There’s more than a tinge of existentialism. These young men, and this young woman, have freedom but they have no idea what to do with it. They have their pleasures, but their pleasures leave them feeling empty. The war has destroyed their faith in the old values. They have found no new values in which to believe. Being drunk makes them cheerful, but it’s a despairing kind of forced cheerfulness. They’re going nowhere and they’re in a hurry.

In this very year, 1931, David Manners and Helen Chandler would be paired in a much more famous movie, Dracula. Considering how dull they were in Dracula their performances in The Last Flight come as quite a surprise. David Manners is quite good. Helen Chandler’s performance is bizarre but it’s bizarre in just the right way and it works perfectly.

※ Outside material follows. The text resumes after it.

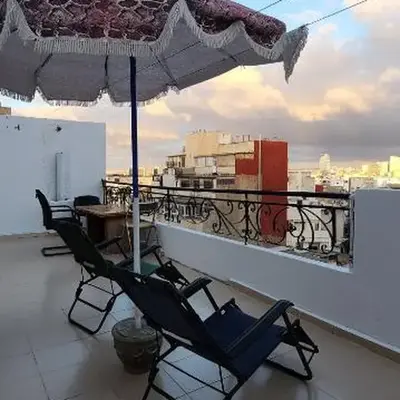 Privat Room in a Shard Apartment next to MOSQUÉE HASSAN 2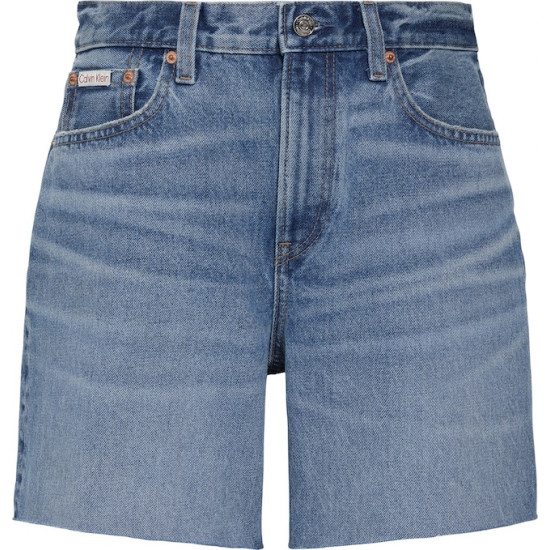 CALVIN KLEIN 90S 6 IN SHORT BLUE MONACO LV047F774G XHJ-BLUE MONACO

Nikki is a Lost Girl. Like the men she just drifts through life without actually living.

Richard Barthelmess was, briefly, a very big star. He’s very good here. All the performances are nicely judged, with the right amount of disconnectedness.

What makes this a pre-code movie is not the sexual content (there is very little to speak of) but its cynicism about military glory and the military in general, and its overall pessimism. I don’t think the Production Code Authority would have tolerated such a negative view of the military.

The plot takes some very unexpected turns towards the end. There are events that come out of the blue, but given the way these people live you can’t help feeling that something like this was bound to happen. I like the way the shocks are not foreshadowed.

The Last Flight is one of the more successful attempts to capture existentialism on film. It’s a fascinating movie and because it’s a pre-code movie it’s pleasingly unpredictable. Highly recommended.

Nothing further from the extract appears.